Bruce Morrill, now an assistant professor of visual communication design at Kent State, was among the first to experience what would become Devo. Morrill was an art student and had spent time in several local bands with Mothersbaugh while attending Kent State.

“The first time I got to meet Mark, I was trying out to replace his brother in a band,” Morrill says. “I could tell he could play. He was a talented guitar player, and he was very inventive. I wouldn’t call any of it flashy, but it was imaginative.”

Because of his past experience with Mothersbaugh, Morrill was invited over to jam one day with Casale. Morrill describes the sound as a little more normal than the futuristic brand of rock that was to come later. “It wasn’t anything like Devo,” Morrill says. Back then, Mothersbaugh and Casale were using mostly guitars, bass and Mothersbaugh’s Hammond B3 organ.

Mothersbaugh, Casale and Morrill all used the Davey Tree art studio on Water Street. One time Morrill Xeroxed Mothersbaugh’s face for one of his art pieces. Morrill remembers both Mothersbaugh and Casale sticking out from the crowd artistically. He says Mothersbaugh was highly regarded by the faculty for his talent and free-spirited approach, and Casale was conceptual, interested in confrontational art.

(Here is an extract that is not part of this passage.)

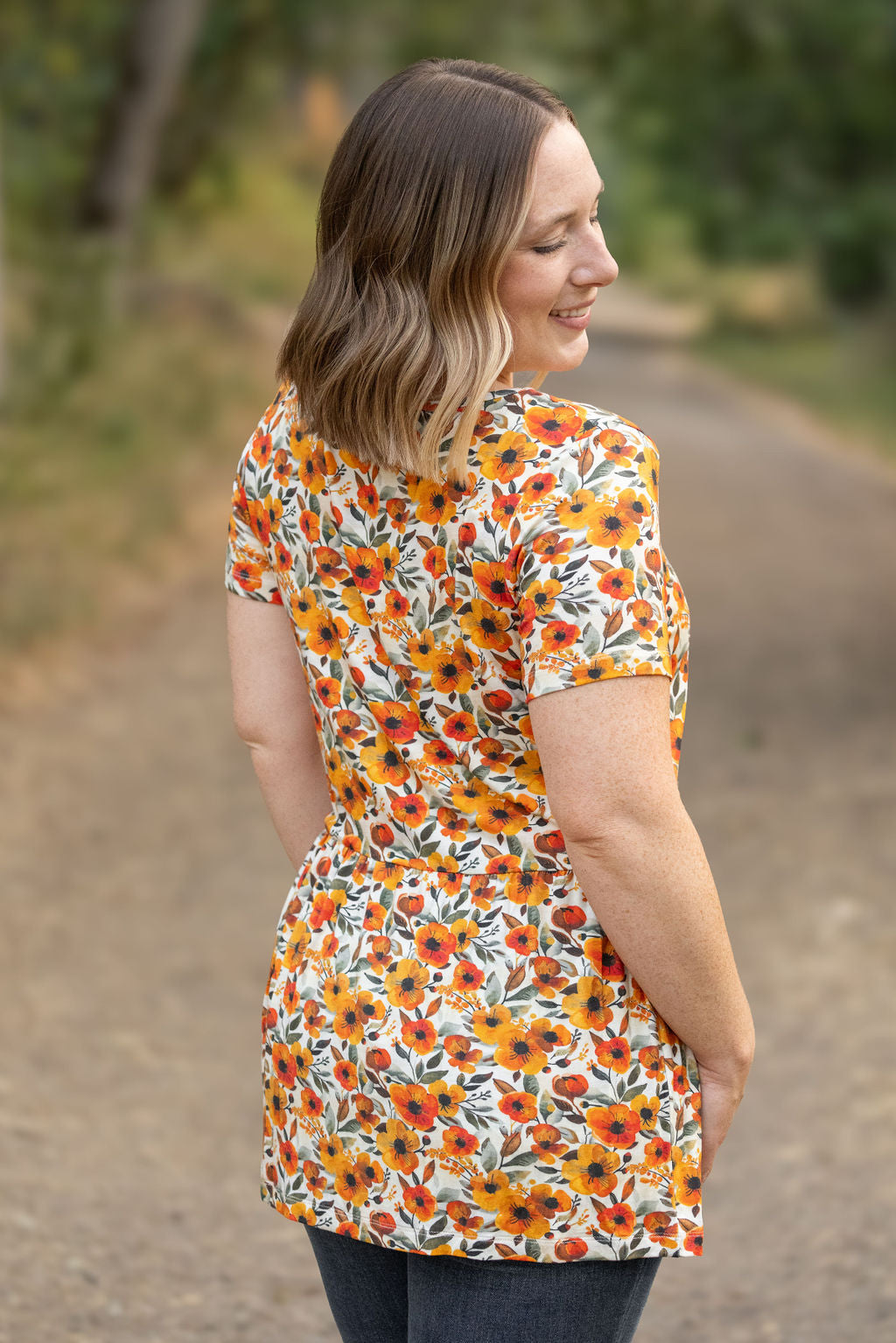 IN STOCK Sarah Ruffle Short Sleeve - Fall Floral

“The work (Mothersbaugh) was doing in high school was just amazing. The way he was raised, he wasn’t afraid to try anything,” Morrill says. “Jerry’s work stood out as pretty radical. He wasn’t afraid to stand out.”

From working at the studio, Casale and Mothersbaugh had seen each other’s works and began asking around about each other. Eventually the two met one night and hung out at one of the bars on Water Street.

“We had really similar aesthetics and ideas about art. Then we found out that we both played music, and we started applying our art concepts to music as well,” Casale says. “He had seen my stuff, and I had seen his. I didn’t know who he was, and he didn’t know who I was, but we kept wanting to meet each other because we kept doing things that were pissing everybody off.”

Similarly, Mothersbaugh remembers hearing some noise about Casale. “I had heard these stories about this wiseass in the English department that was writing acid porn,” Mothersbaugh says.

Together, the two had a knack for pushing people’s buttons with their art. “We were, you know, kind of like punk scientists or smart-asses that were like forerunners of graffiti or something,” Casale says.

Casale had a reputation in the art scene. He and a friend would attend art openings around campus and dress up for the occasion: Casale would come clad in a butcher’s jacket with a mask resembling Leatherface, holding an enema bag full of milk. His friend came dressed like an old Mexican wrestler.

“I would put him on a leash, and we would go to every art opening with all this bad art,” Casale says. “All these still-lifes, birds on a tree, crochet — horrible, uncreative stuff. I would point at each painting, and then he would hold his nose and pretend to pick his ass. He would suggest that the painting stunk, and then I would feed him milk as a reward.

“We would never last more than five minutes before campus security came and kicked us out. We were pretty reviled. People were just afraid we would show up at their event and ruin it.”